Mackie bunu anlayabilir. 2006’da We Are Marshall’daki çığır açan görünümünden sonra, hayalindeki arabayı satın alabildi: 1964 ½ Ford Mustang (en eski Mustang modelleri meraklıları tarafından bilinir). O zamandan beri bununla uğraşıyor. Arabanın adı Marshall.

Mackie, “Marshall ve ben her zaman birlikte geziyor ve zamanımızın tadını çıkarıyoruz,” dedi. “Oğullarım olmadan önce, Marshall benim en iyi arkadaşımdı. Bazı insanlar bitkileriyle konuşur, bazıları kedileriyle konuşur.

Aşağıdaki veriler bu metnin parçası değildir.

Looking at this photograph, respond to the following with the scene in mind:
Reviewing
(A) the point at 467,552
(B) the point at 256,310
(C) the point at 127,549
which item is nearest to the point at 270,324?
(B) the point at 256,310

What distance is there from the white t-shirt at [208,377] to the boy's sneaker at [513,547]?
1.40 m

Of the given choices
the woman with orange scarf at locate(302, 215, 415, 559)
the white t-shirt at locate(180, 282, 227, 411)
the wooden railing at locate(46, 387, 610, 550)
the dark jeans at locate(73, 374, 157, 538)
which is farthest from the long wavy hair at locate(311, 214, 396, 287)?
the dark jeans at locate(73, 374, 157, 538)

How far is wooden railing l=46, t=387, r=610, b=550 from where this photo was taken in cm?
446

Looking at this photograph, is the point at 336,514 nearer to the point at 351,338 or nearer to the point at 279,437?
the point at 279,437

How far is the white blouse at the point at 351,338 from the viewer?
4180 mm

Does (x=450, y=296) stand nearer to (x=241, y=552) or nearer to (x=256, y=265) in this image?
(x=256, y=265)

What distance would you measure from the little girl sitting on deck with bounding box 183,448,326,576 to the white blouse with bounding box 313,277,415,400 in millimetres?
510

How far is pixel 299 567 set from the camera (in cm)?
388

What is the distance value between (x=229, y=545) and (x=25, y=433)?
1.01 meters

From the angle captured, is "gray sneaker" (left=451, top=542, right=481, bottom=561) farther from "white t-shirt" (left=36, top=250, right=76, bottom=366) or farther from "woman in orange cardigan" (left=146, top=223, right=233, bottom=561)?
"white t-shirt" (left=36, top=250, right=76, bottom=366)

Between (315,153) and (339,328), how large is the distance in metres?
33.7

Arabamla konuşurdum.”

Beatriz biraz farklı bir otomobil reşitliği yaşadı. Los Angeles’a taşınmayı düşünürken Oregon Shakespeare Festivali’nde oyunculuk yapıyordu. Bir sorun: Araba kullanmayı bilmiyordu ve Los Angeles’ta araba olmazsa olmazlardandı. Bu yüzden, belki de en iyi Twin Peaks’teki Log Lady olarak tanınan bir arkadaşı ve Shakespeare’ci Catherine E. Coulson’dan öğrendi. Coulson, Beatriz’i Prius’uyla festivalin düzenlendiği Ashland, Oregon’a götürürdü, Twisted Metal’de göreceğiniz her şeyden çok daha tuhaf bir görüntü.

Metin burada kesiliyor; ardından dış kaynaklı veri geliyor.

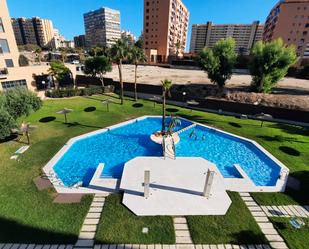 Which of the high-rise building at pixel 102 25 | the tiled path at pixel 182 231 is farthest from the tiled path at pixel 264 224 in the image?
the high-rise building at pixel 102 25

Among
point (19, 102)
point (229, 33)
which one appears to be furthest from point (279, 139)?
point (229, 33)

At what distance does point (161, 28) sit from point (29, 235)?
85915 mm

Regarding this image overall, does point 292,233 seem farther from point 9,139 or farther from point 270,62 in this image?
point 270,62

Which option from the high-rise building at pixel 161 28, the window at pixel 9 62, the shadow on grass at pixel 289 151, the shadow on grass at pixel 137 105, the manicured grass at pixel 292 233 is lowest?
the manicured grass at pixel 292 233

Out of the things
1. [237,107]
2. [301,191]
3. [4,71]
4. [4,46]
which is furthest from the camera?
[4,46]

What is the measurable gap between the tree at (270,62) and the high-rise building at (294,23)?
189 feet

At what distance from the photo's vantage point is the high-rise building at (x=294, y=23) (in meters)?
64.4

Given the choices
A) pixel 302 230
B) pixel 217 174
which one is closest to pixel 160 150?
pixel 217 174

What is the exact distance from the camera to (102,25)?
15562 cm

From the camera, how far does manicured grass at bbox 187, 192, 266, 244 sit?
7.01m

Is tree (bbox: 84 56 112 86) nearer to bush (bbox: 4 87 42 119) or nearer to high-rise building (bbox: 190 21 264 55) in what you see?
bush (bbox: 4 87 42 119)

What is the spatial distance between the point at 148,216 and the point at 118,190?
2391 mm

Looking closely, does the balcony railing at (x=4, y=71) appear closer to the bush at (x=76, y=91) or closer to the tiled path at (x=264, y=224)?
the bush at (x=76, y=91)

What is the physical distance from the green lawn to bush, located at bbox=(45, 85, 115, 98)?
7.36 feet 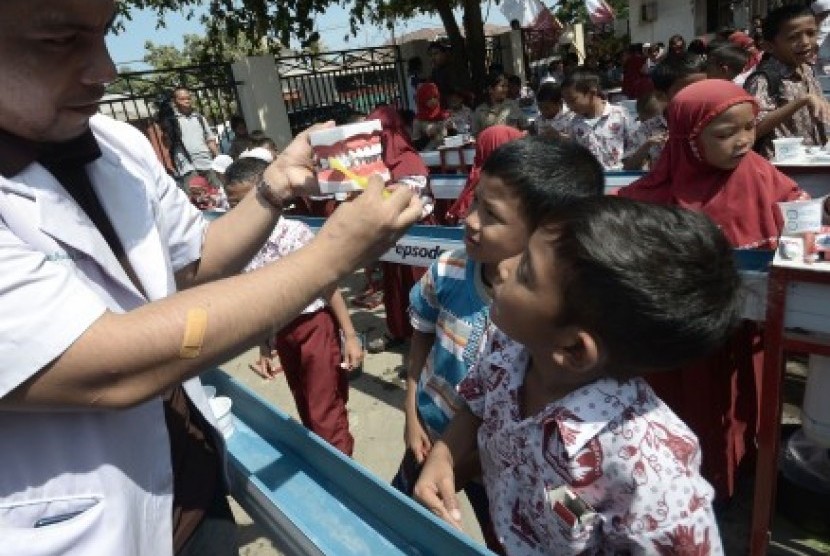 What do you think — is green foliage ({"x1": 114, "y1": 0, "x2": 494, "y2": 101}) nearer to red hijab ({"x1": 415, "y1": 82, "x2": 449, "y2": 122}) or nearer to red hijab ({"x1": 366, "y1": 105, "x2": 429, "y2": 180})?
red hijab ({"x1": 415, "y1": 82, "x2": 449, "y2": 122})

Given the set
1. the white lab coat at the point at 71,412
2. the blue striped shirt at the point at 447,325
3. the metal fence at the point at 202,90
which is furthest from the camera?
the metal fence at the point at 202,90

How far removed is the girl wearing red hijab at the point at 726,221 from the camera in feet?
8.27

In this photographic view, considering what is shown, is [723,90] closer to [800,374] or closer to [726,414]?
[726,414]

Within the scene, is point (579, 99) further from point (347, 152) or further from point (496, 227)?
point (347, 152)

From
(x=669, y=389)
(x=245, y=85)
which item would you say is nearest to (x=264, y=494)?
(x=669, y=389)

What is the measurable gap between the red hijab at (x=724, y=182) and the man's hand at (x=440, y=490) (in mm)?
1577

Beatriz’in Log Lady ile yaptığı ilk yolculuklar yerini daha hızlı maceralara bıraktı: Mayıs ayında Indianapolis 500’de Baş Mareşal oldu. Gösterinin bir parçası olarak, yarıştan önce bir Indy arabasında pompalı tüfeğe bindi ve 300 km/s hıza ulaştı. “Daha hızlı gidebilirdi, harika olurdu” dedi.

Çok eğlenceli ve görünürde katil bir palyaço yok.